## Task
A word-for-word copy is needed of the line containing "House with Private Pool in Nichada Thani" and every line after it through the end of the records below, leaving out all pictures.

## Excerpted records
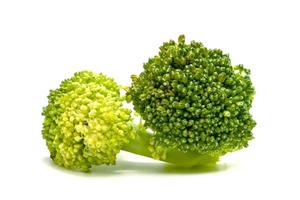 verse broccoli die op witte achtergrond worden geïsoleerd foto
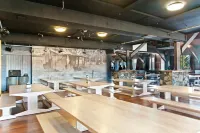 Lake Jindabyne Hotel - breakfast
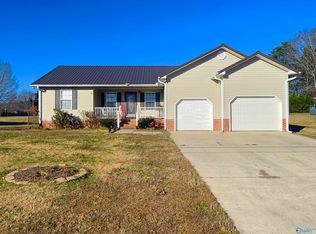 1448 Woods Cove Rd, Scottsboro, AL 35768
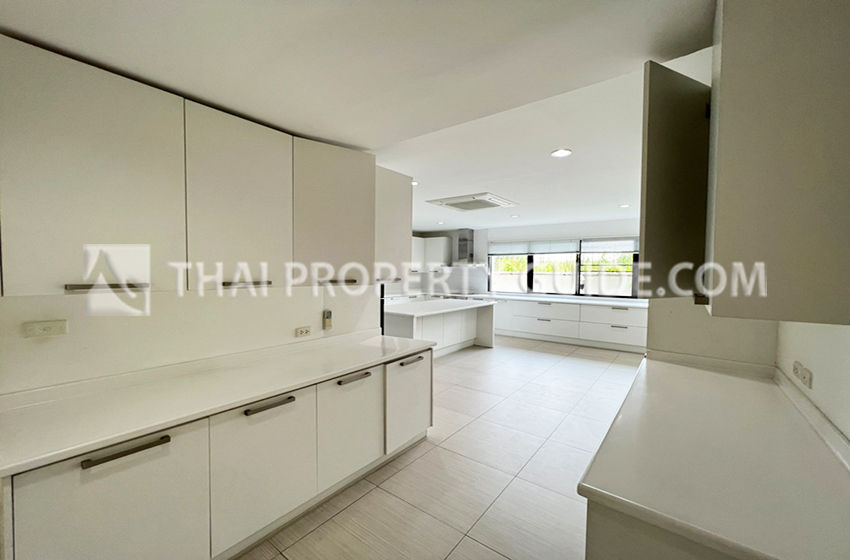 House with Private Pool in Nichada Thani 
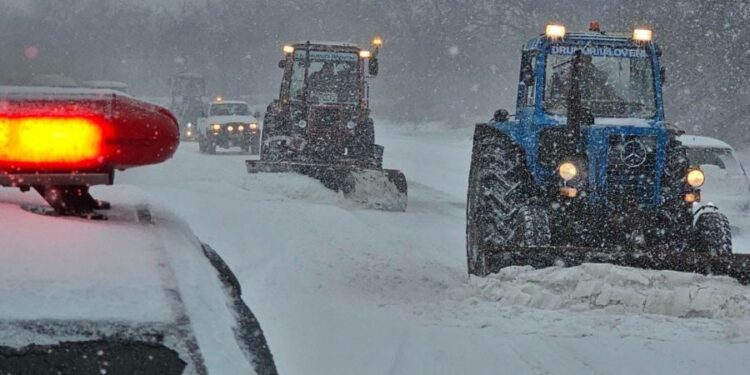 Aproape 50  de apeluri la 112 până la ora 13:00. Câți moldoveni încă stau fără lumină?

## Result of the task
 House with Private Pool in Nichada Thani 
 Aproape 50  de apeluri la 112 până la ora 13:00. Câți moldoveni încă stau fără lumină?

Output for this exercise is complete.